Problem
Restate the listing below word for word; no picture is to be carried over.
-- Records to use follows --
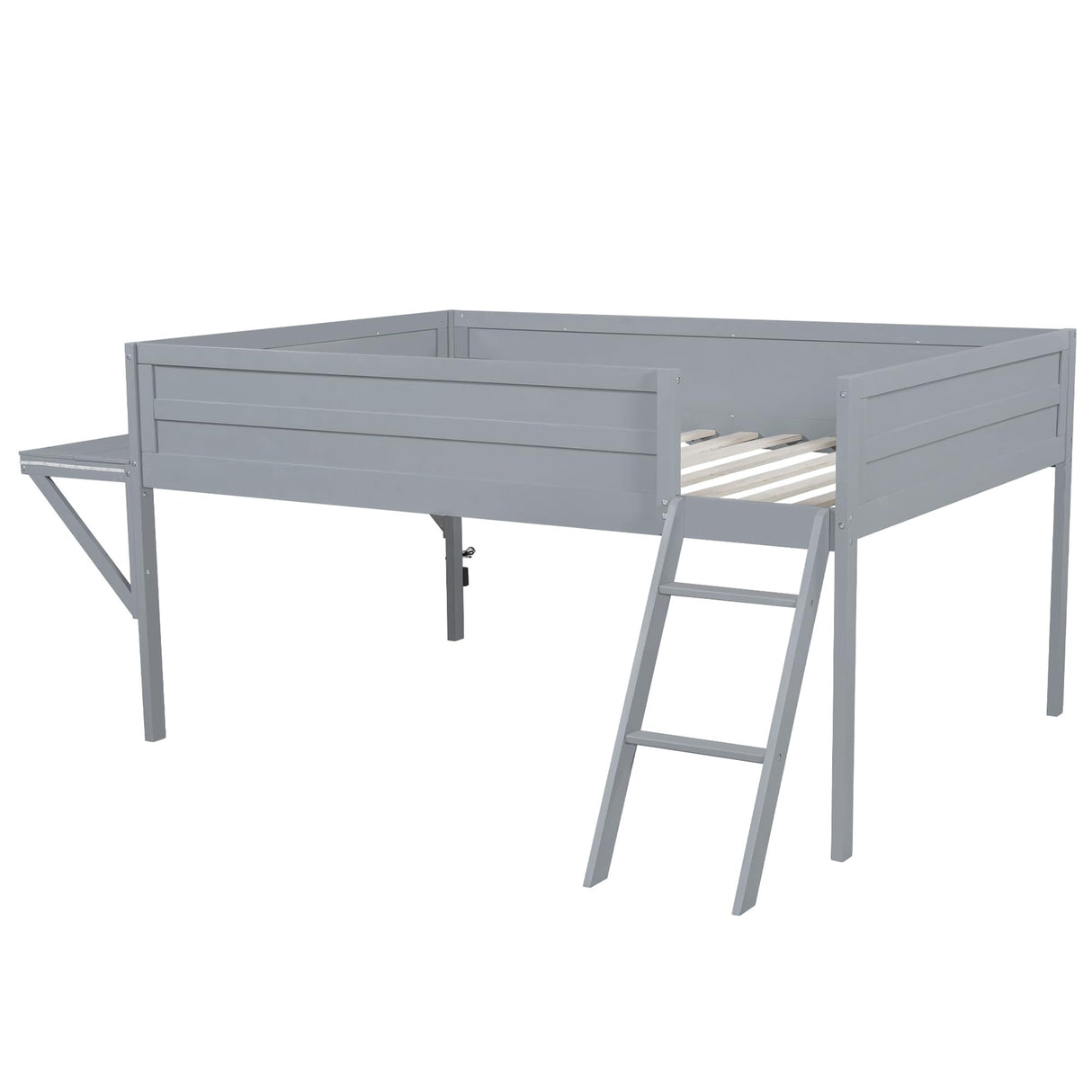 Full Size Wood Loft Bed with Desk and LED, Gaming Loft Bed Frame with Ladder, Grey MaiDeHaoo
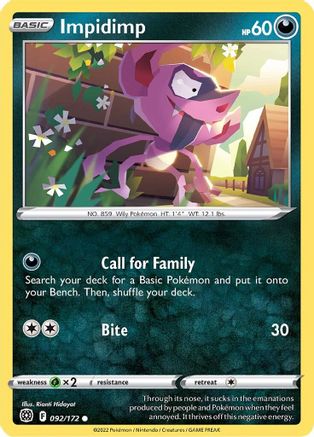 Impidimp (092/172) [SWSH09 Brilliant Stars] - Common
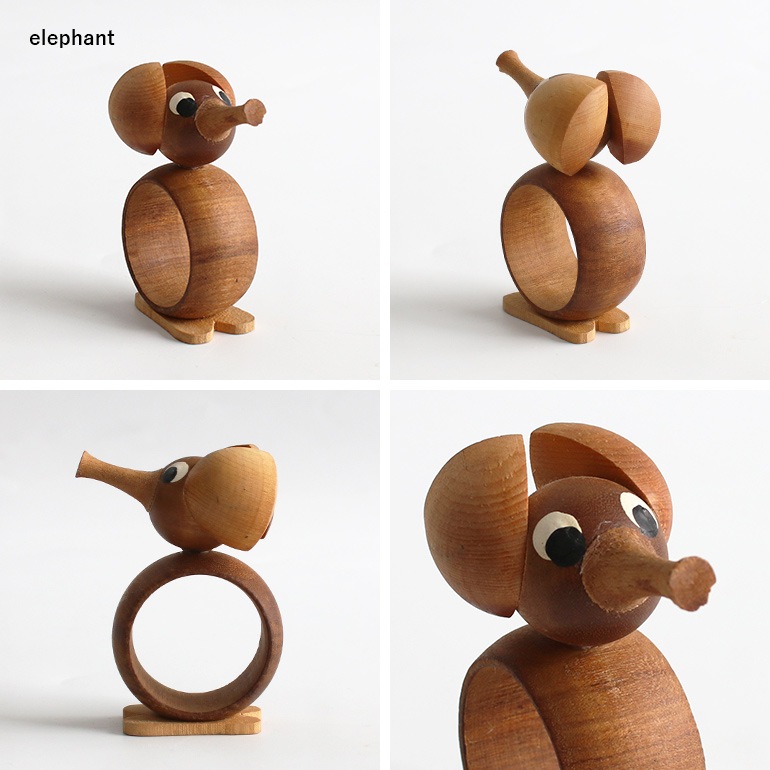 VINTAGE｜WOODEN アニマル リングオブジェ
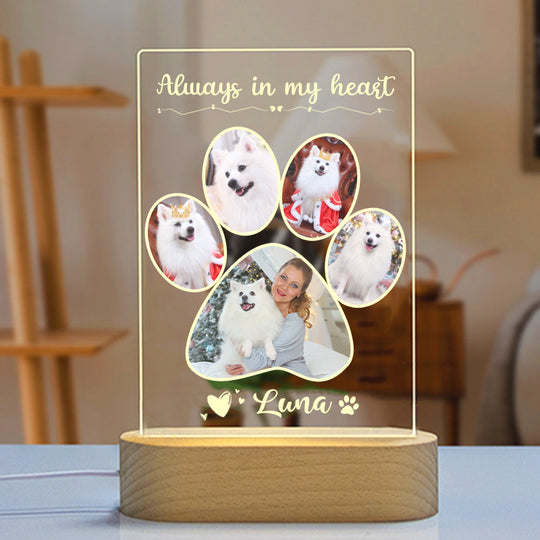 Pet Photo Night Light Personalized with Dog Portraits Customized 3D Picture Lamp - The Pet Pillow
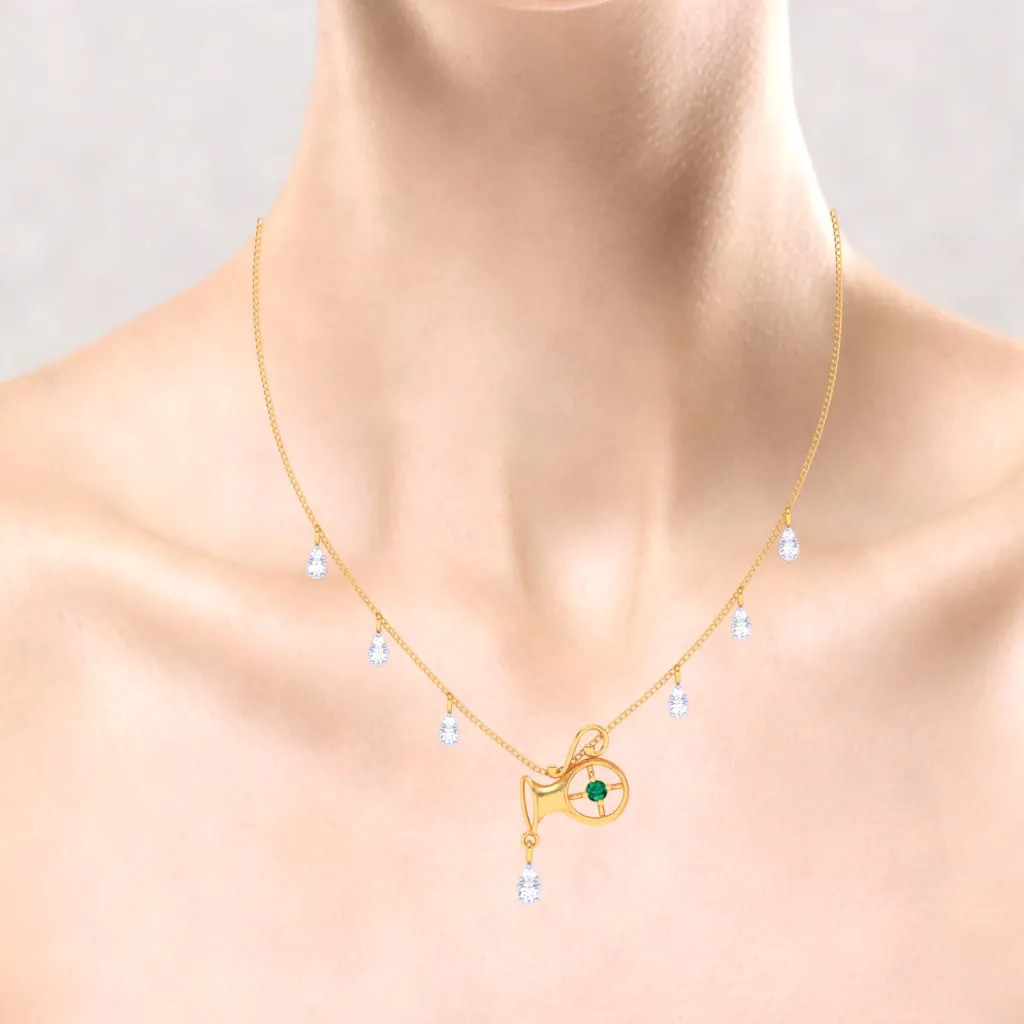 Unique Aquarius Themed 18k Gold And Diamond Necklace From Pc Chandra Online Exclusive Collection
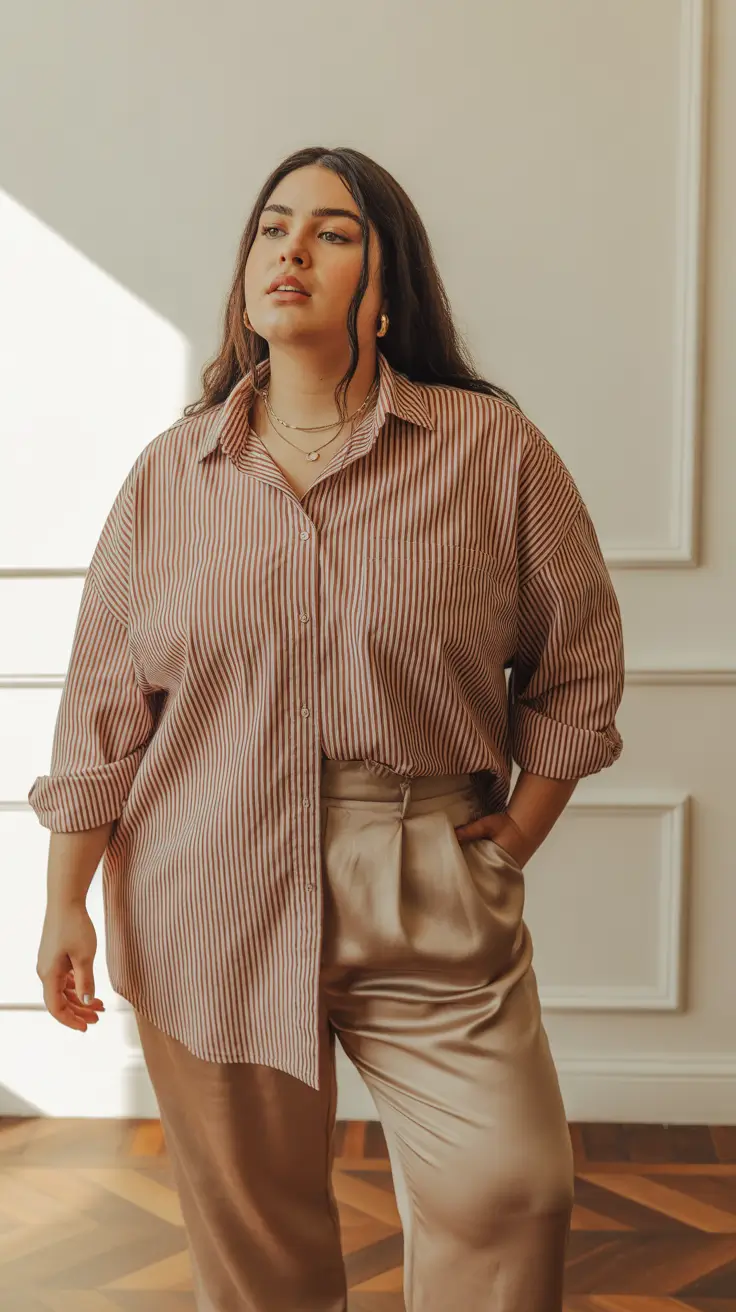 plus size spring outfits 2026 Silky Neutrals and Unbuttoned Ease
-- Records to use concluded --
Completed task
 Full Size Wood Loft Bed with Desk and LED, Gaming Loft Bed Frame with Ladder, Grey MaiDeHaoo
 Impidimp (092/172) [SWSH09 Brilliant Stars] - Common
 VINTAGE｜WOODEN アニマル リングオブジェ
 Pet Photo Night Light Personalized with Dog Portraits Customized 3D Picture Lamp - The Pet Pillow
 Unique Aquarius Themed 18k Gold And Diamond Necklace From Pc Chandra Online Exclusive Collection
 plus size spring outfits 2026 Silky Neutrals and Unbuttoned Ease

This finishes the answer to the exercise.